WORK REQUEST
Reproduce verbatim the line containing "Rede Popeyes tem" and every line that follows it through the end of the entries below, omitting all pictures.

---------- DATASET RECORDS ----------

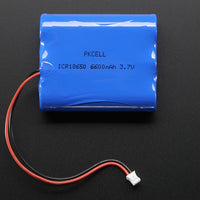 Battery Pack Lithium Ion 3.7V 6600mAh - circuitrocks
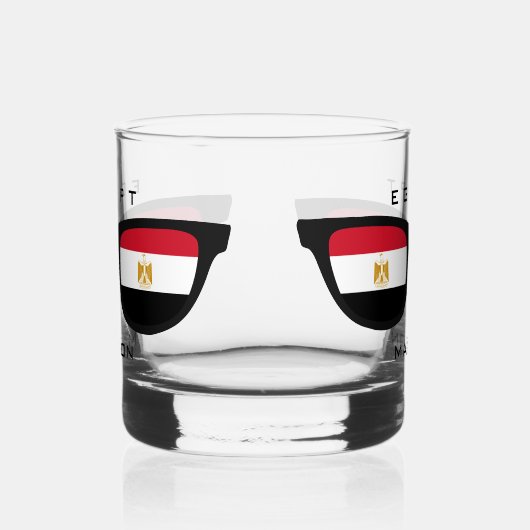 Egyptische Shades aangepaste naam Whisky Glas (Rechts)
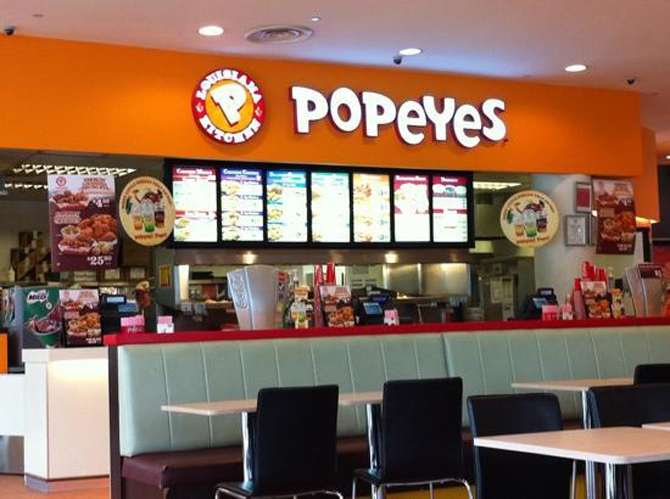 Rede Popeyes tem resultados acima do esperado no Brasil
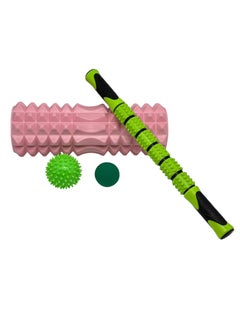 Buy SportQ® 5 in 1 Foam Roller Set with Muscle Roller Stick and Massage Balls for Physical Therapy, Muscle Pain Relief, Speed Exercise, Balance in Egypt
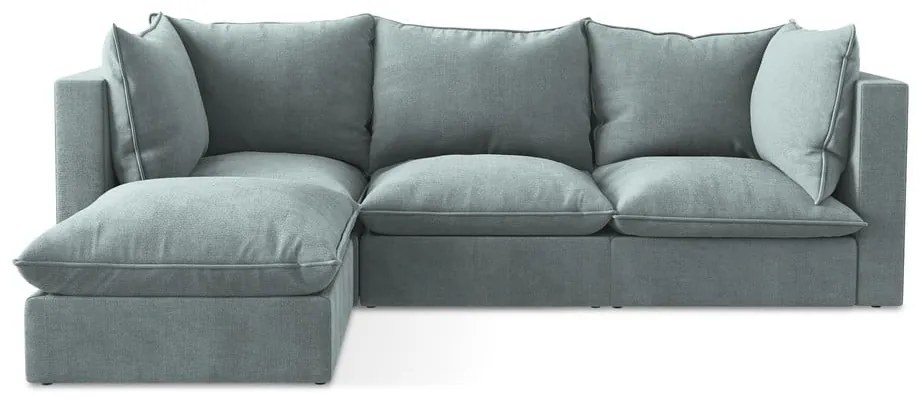 Divano angolare blu (con penisola a sinistra/con chaise lounge) Manao – Makamii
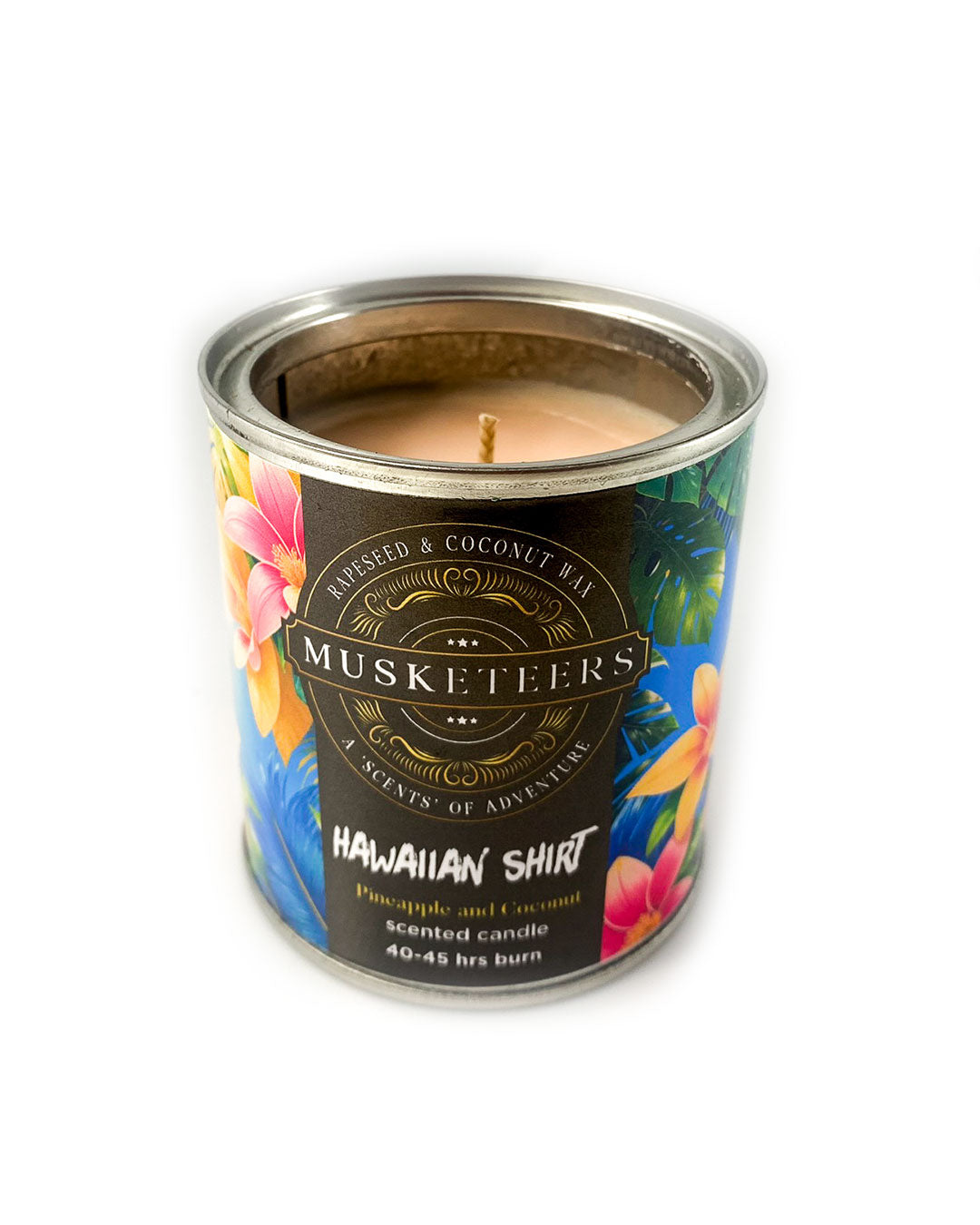 Hawaiian Shirt - Pineapple & Coconut Candle (Wholesale)-1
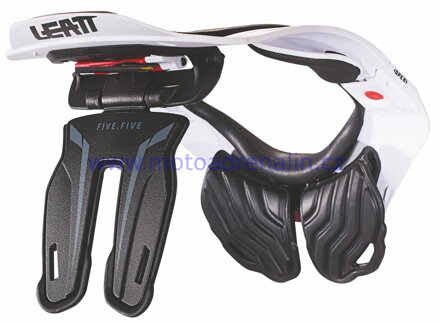 Chránič krční páteře na moto Leatt GPX 5.5 Neck Brace White 2020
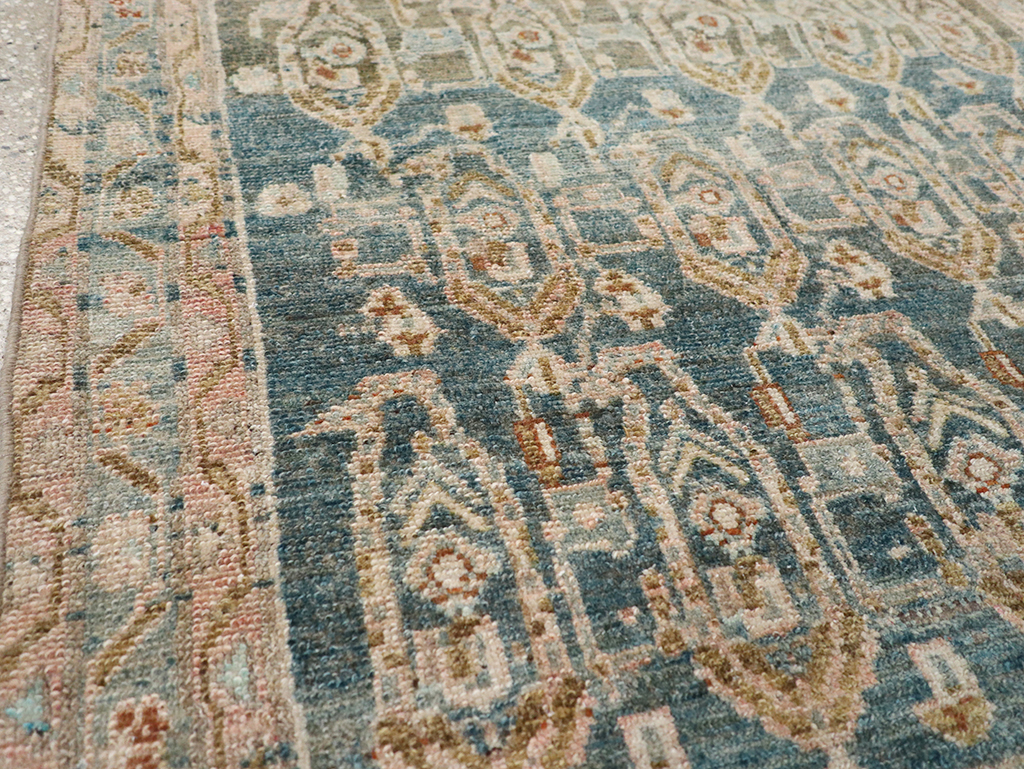 Vintage Persian Malayer Throw Rug, No.32796 - Staging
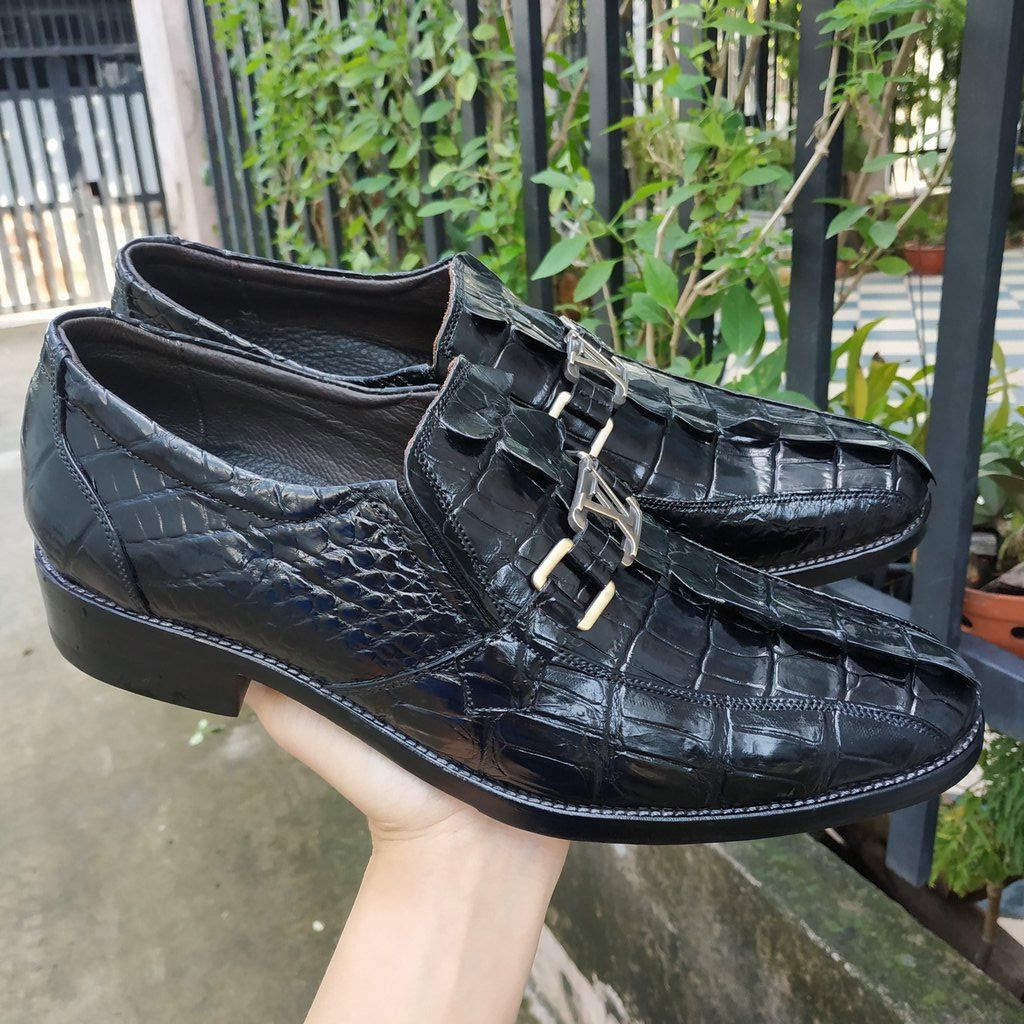 Giày Tây Da Đuôi Cá Sấu. Phiên Bản Đặc Biệt Rất Đẹp! GT9D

----------

ANSWER SPACE
 Rede Popeyes tem resultados acima do esperado no Brasil
 Buy SportQ® 5 in 1 Foam Roller Set with Muscle Roller Stick and Massage Balls for Physical Therapy, Muscle Pain Relief, Speed Exercise, Balance in Egypt
 Divano angolare blu (con penisola a sinistra/con chaise lounge) Manao – Makamii
 Hawaiian Shirt - Pineapple & Coconut Candle (Wholesale)-1
 Chránič krční páteře na moto Leatt GPX 5.5 Neck Brace White 2020
 Vintage Persian Malayer Throw Rug, No.32796 - Staging
 Giày Tây Da Đuôi Cá Sấu. Phiên Bản Đặc Biệt Rất Đẹp! GT9D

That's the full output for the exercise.